Mariza: “Die wahren Botschafter Portugals sind die Portugiesen im Ausland”

Foto © José Goulão

In der jüngeren Geschichte des Fados gibt es ein Vor und ein Nach Mariza. Als 2001 ihr erstes Album Fado em Mim auf den Markt kam, waren sogleich die Auswirkungen des gewaltigen Umbruchs, den es hervorrief, zu bemerken: Mariza entstaubte den Fado, erweckte die „Severa“* wieder zum Leben, warf die Flagge des Estado Novo fort und ebnete den Weg für eine persönliche und moderne Interpretation einer Musik, die ihr in der Seele liegt. Zwölf Jahre, fünf Alben und viele Welttourneen später, von den Kritikern einhellig gelobt und inzwischen Mutter eines Sohnes, kehrt die Diva der Weltmusik für zwei Konzerte nach Berlin zurück. Im telefonischen Interview mit BERLINDA spricht Mariza über die Anstrengung, das Künstlerleben mit dem Mutterdasein zu vereinen, erzählt von ihrer Vorliebe für Berlin, und erklärt warum die Portugiesen im Ausland stolz sein dürfen.

 

BERLINDA: Warum Fado?

MARIZA: Ich glaube, ich hatte keine Wahl. Ich wuchs in einem typischen Stadtviertel auf [die Mouraria, in Lissabon] wo alle Fado sangen, und es kam mir nie in den Sinn etwas anderes zu tun. Man denkt nicht darüber nach, es geschieht einfach. Es war einfach da. Ich singe Fado seit ich 5 Jahre alt war, in meinem Viertel gab es nur den Fado. Ich erinnere mich an mein erstes Fado-Stück, aber an mein erstes Spielzeug erinnere ich mich nicht. Meine Mutter zeigte mir andere Musikstile, aber was ich in der Taverne meiner Eltern singen hörte, war der Fado. Deshalb war es das natürlichste der Welt, dass auch ich Fado sang.

B: Ihre Wurzeln liegen in Mosambik. Wie viel davon steckt in Ihrem Gesang?

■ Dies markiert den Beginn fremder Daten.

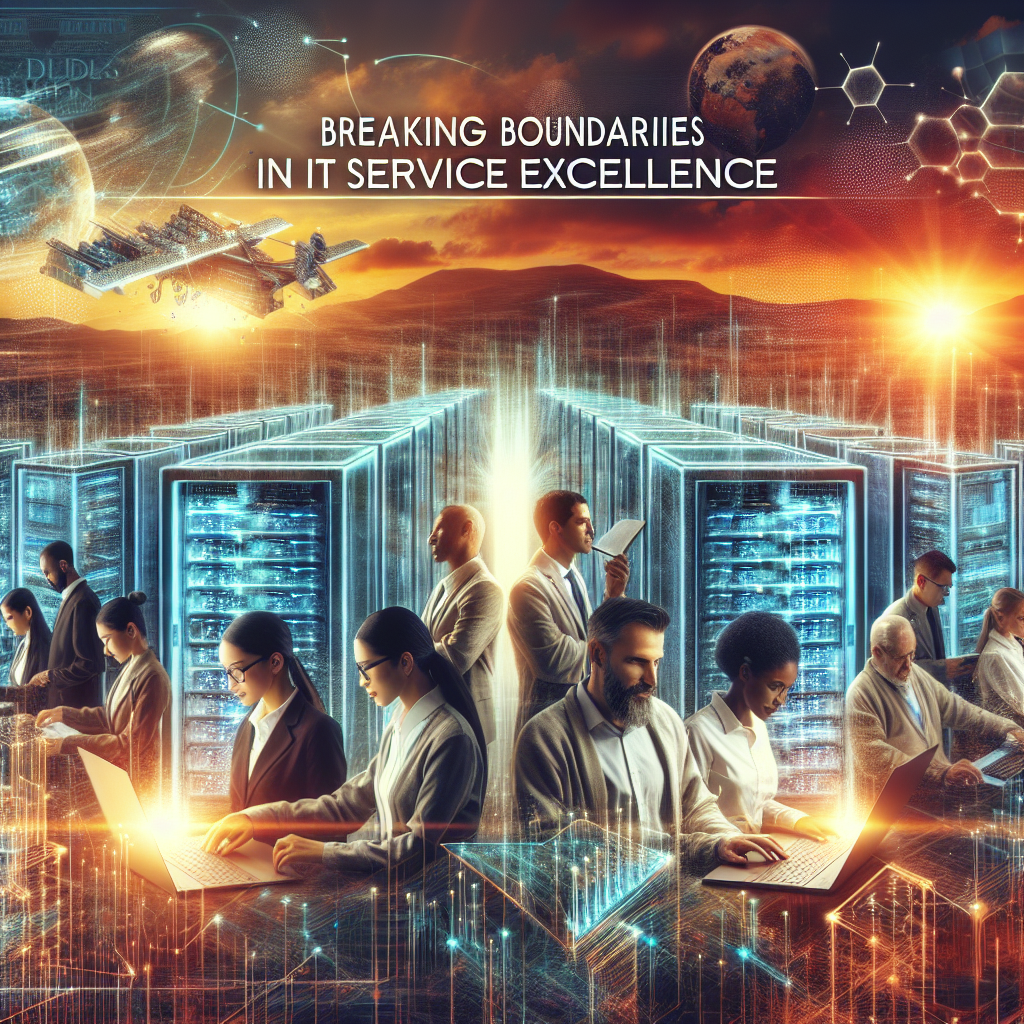 DBE Pioneers in IT Service Excellence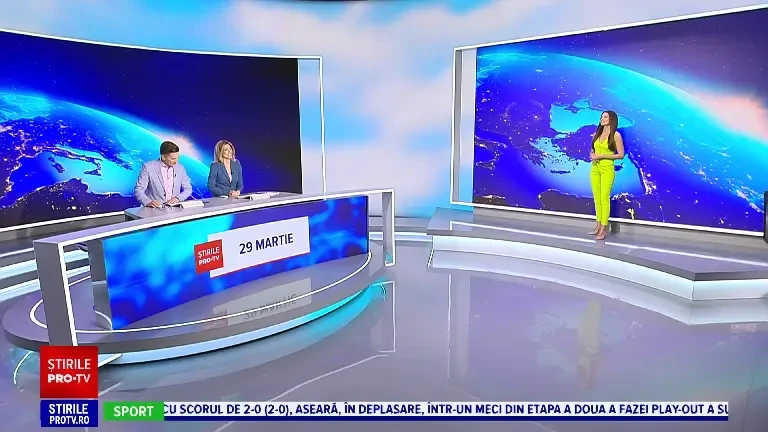 Vremea azi, 29 martie. Atmosferă înnorată, ploi și pe alocuri ger. Ce temperaturi vor fi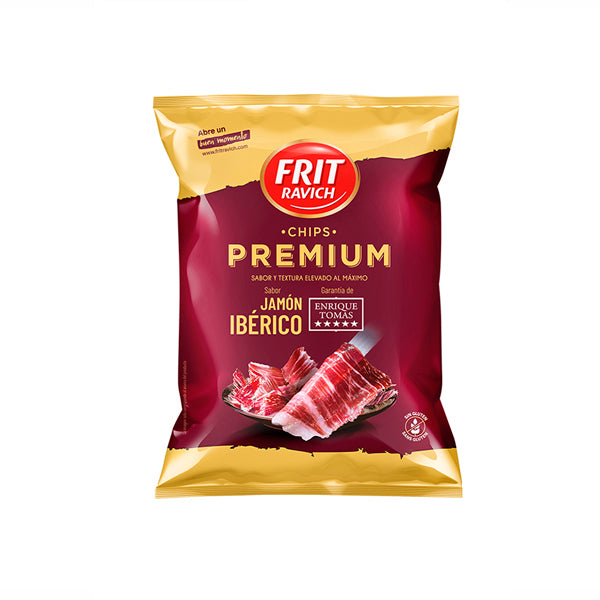 Frit Ravich Patatas Patatas Premium Jamón Enrique Tomas 36G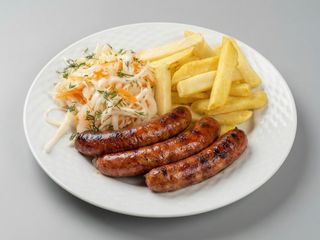 Meniu carnaciori de porc la gratar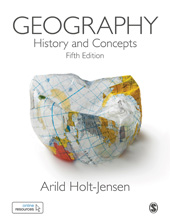 E-book, Geography : History and Concepts, SAGE Publications Ltd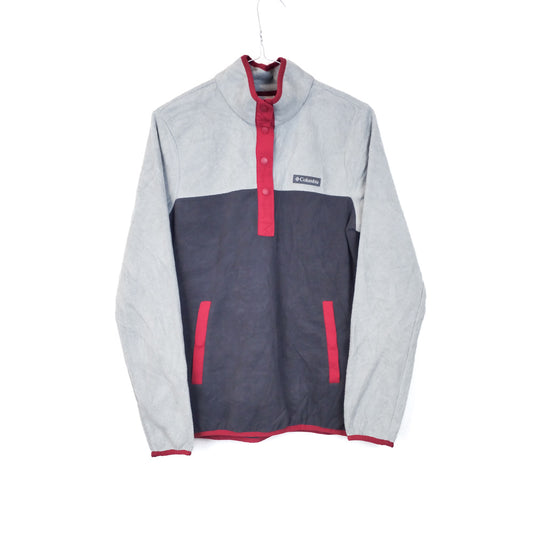 VIN-SW-32574 Preloved φλις μπλούζα γυναικεία Columbia S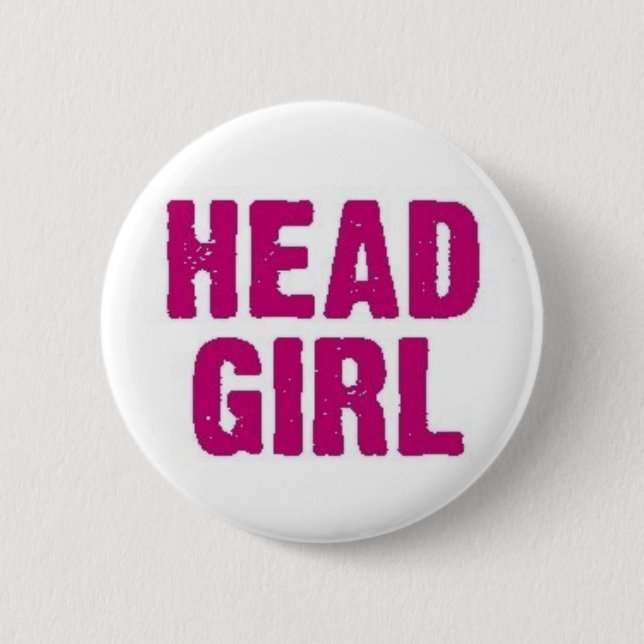 Badge Rond 5 Cm Fille principale (Devant)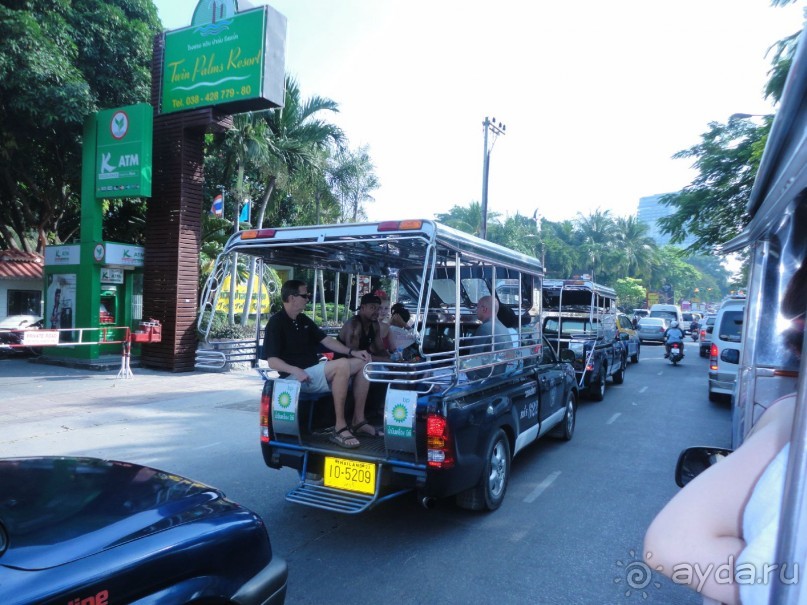 На тук-туке  прикольно!!!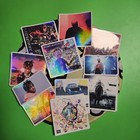 Holographic Juice Wrld Rap Album Cover Art Stickers Set - Waterbottle Approved 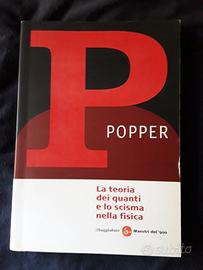 Popper teoria dei quanti e lo scisma nella fisica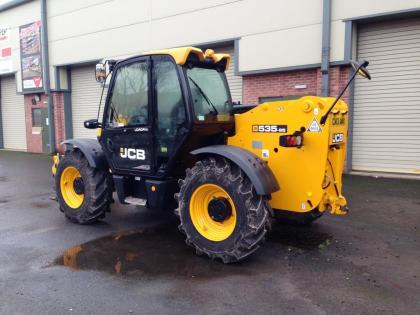 2013 JCB 535-95 Teleskoplader 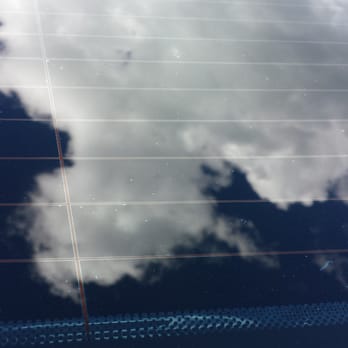 Protint Window Tinting - Rear wd before scratch - Car Window Tinting Near Me - Lakewood, Colorado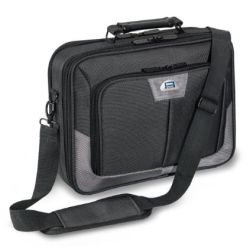 Premium 15.6 Notebooktasche schwarz/grau (66066020)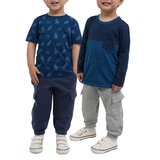 Lands' End Conjunto de 4 Piezas para Niños y Niñas Varias Tallas y Colores
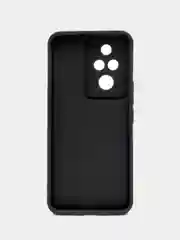 Черный чехол для  Honor 200 Pro (Хонор 200 про), противоударный, с бортиками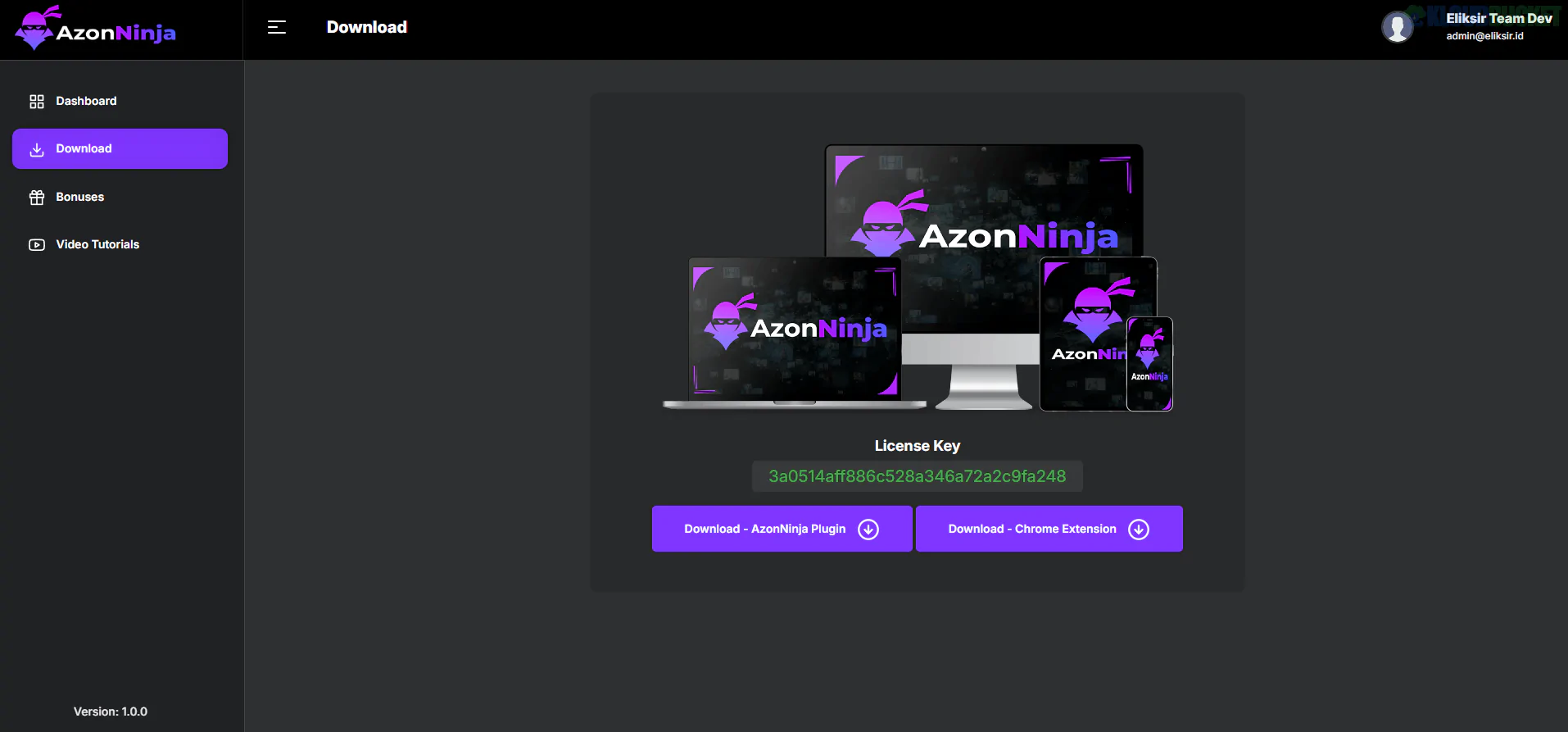 AzonNinja - Generate Reviews for Amazon Products With Affiliate URL 1.0.0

M: Das weiß ich nicht. Ich bin in Mosambik geboren, aber in Lissabon, in Portugal aufgewachsen. Meine mosambikanische Mutter versuchte mir irgendwie einige ihrer Wurzeln zu vermitteln. Aber meine Erfahrungen sind sehr geprägt von Lissabon, sehr portugiesisch. In den letzten Jahren war ich jedes Jahr in Mosambik, um meine Familie zu besuchen und um meine afrikanische Seite mehr zu entdecken. In Lissabon gibt es jedoch auch das, was wir Lusophonie nennen, und ich war immer von afrikanischen Musikern umgeben, aus den Kapverden, Angola, Guinea-Bissau… Diese afrikanische Seite hat mich immer interessiert. Vielleicht ist das auf irgendeine Weise diese „Afrikanität“, die ich möglicherweise in meine Musik einbringe.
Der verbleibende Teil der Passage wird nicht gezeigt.